_DIRECTIONS:_ Each record should be copied exactly into the answer, and no picture should go with it.

EXERCISE DATA START

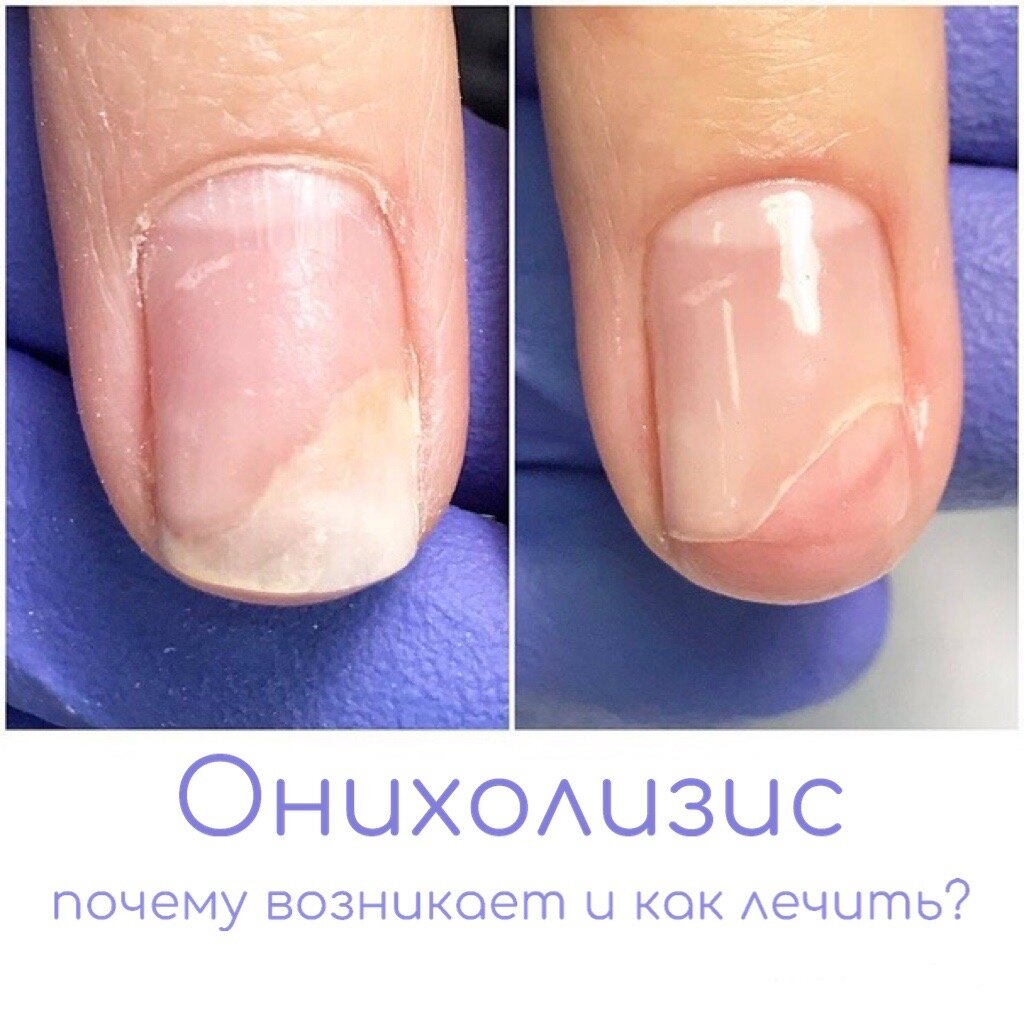 Лечение ногтей в домашних условиях | imkosmetik журнал о маникюре и красоте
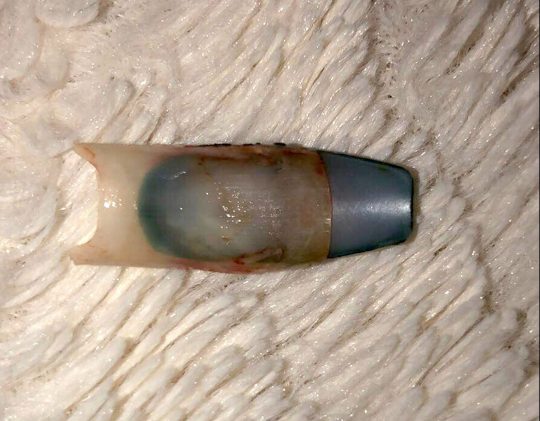 como fazer a unha arrancada nascer mais rápido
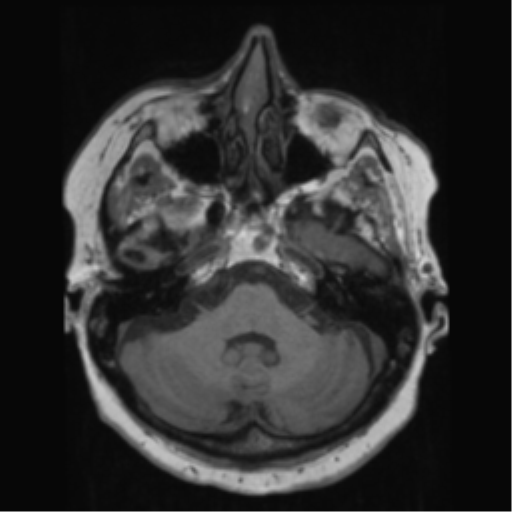 File:Anaplastic astrocytoma IDH wild-type (pseudoprogression) (Radiopaedia 42209-45278 Axial T1 45).png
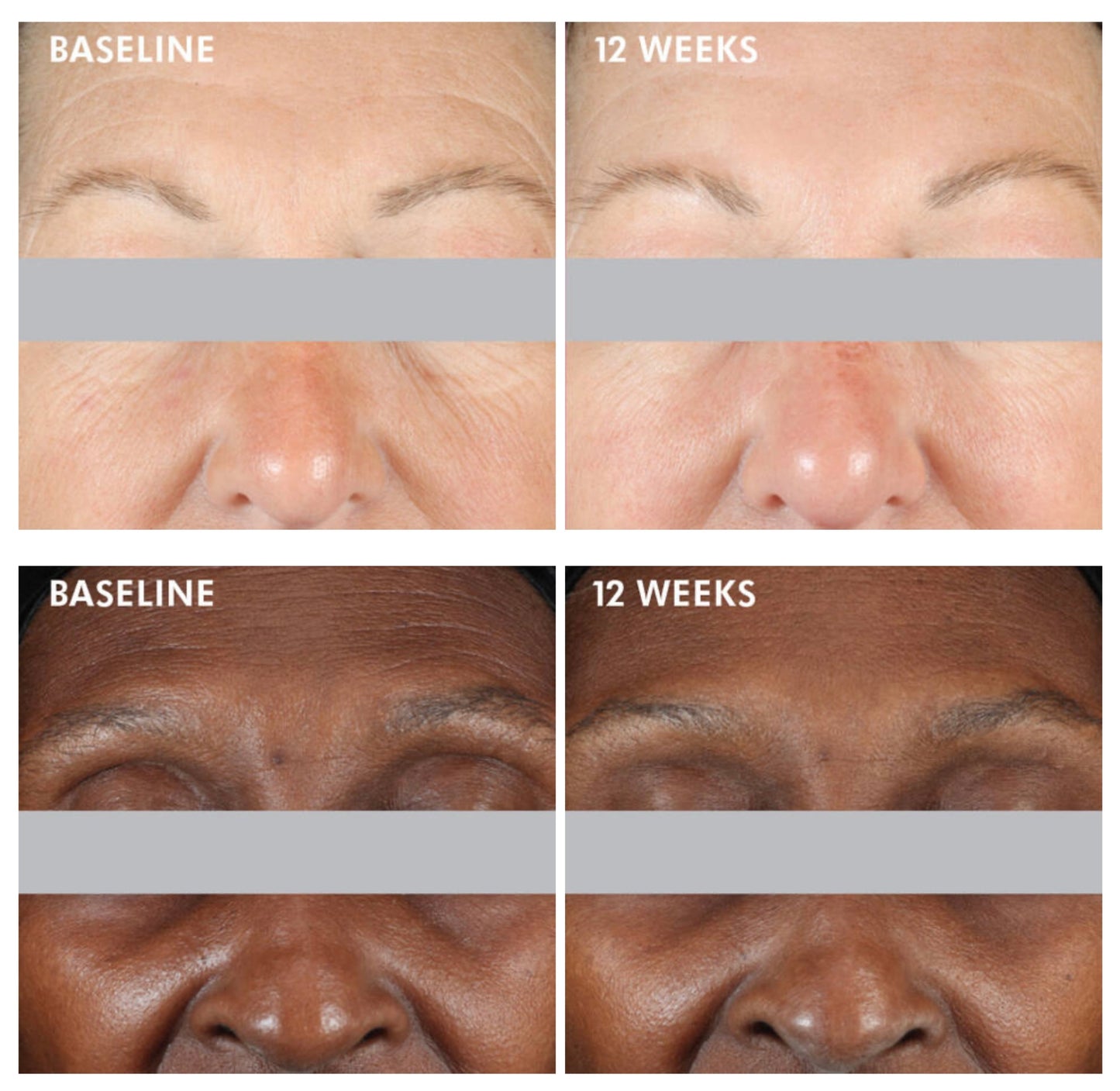 A.G.E. INTERRUPTER ADVANCED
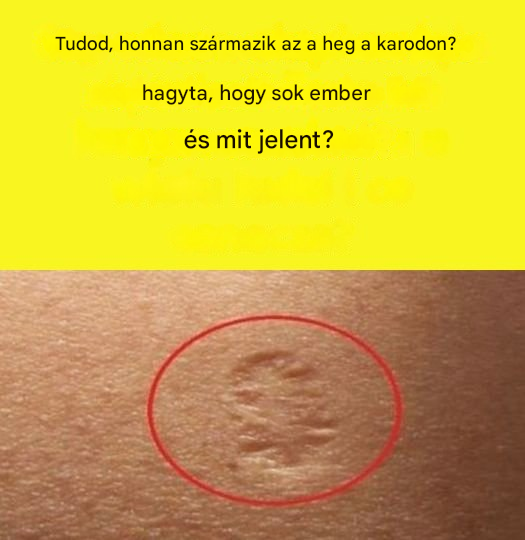 Miért hagyott heget a Variola vakcina?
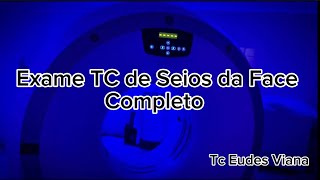 Tc de Seios da Face [upl. by Aiceled]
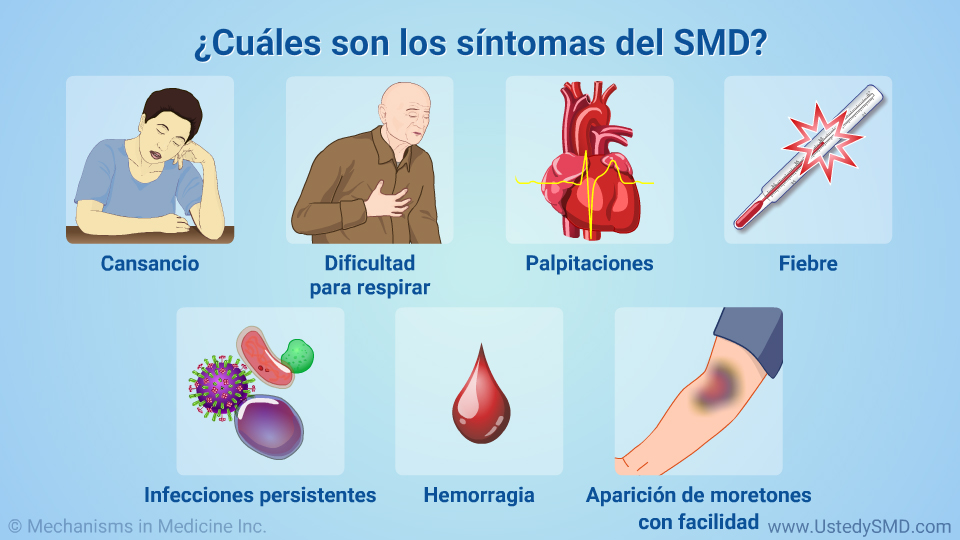 ¿Cuáles son los síntomas del SMD?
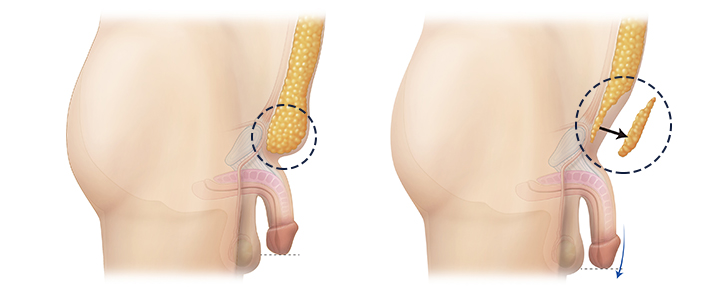 penis lengthening surgery in korea yezak urology clinic in seoul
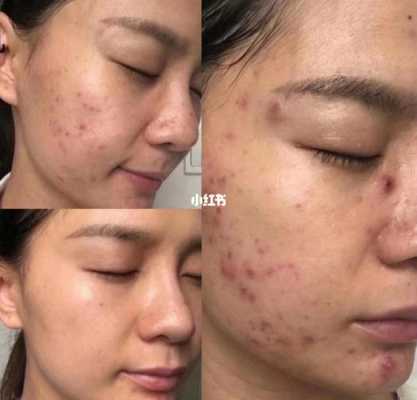 什么法痘（治疗什么样痘痘）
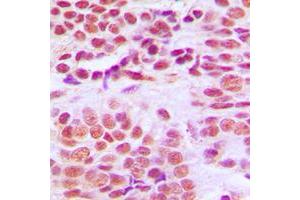 Immunohistochemical analysis of Histone Deacetylase 1 staining in human breast cancer formalin fixed paraffin embedded tissue section. (HDAC1 anticorps  (C-Term))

EXERCISE DATA END

_RESPONSE AREA:_
 Лечение ногтей в домашних условиях | imkosmetik журнал о маникюре и красоте
 como fazer a unha arrancada nascer mais rápido
 File:Anaplastic astrocytoma IDH wild-type (pseudoprogression) (Radiopaedia 42209-45278 Axial T1 45).png
 A.G.E. INTERRUPTER ADVANCED
 Miért hagyott heget a Variola vakcina?
 Tc de Seios da Face [upl. by Aiceled]
 ¿Cuáles son los síntomas del SMD?
 penis lengthening surgery in korea yezak urology clinic in seoul
 什么法痘（治疗什么样痘痘）
 Immunohistochemical analysis of Histone Deacetylase 1 staining in human breast cancer formalin fixed paraffin embedded tissue section. (HDAC1 anticorps  (C-Term))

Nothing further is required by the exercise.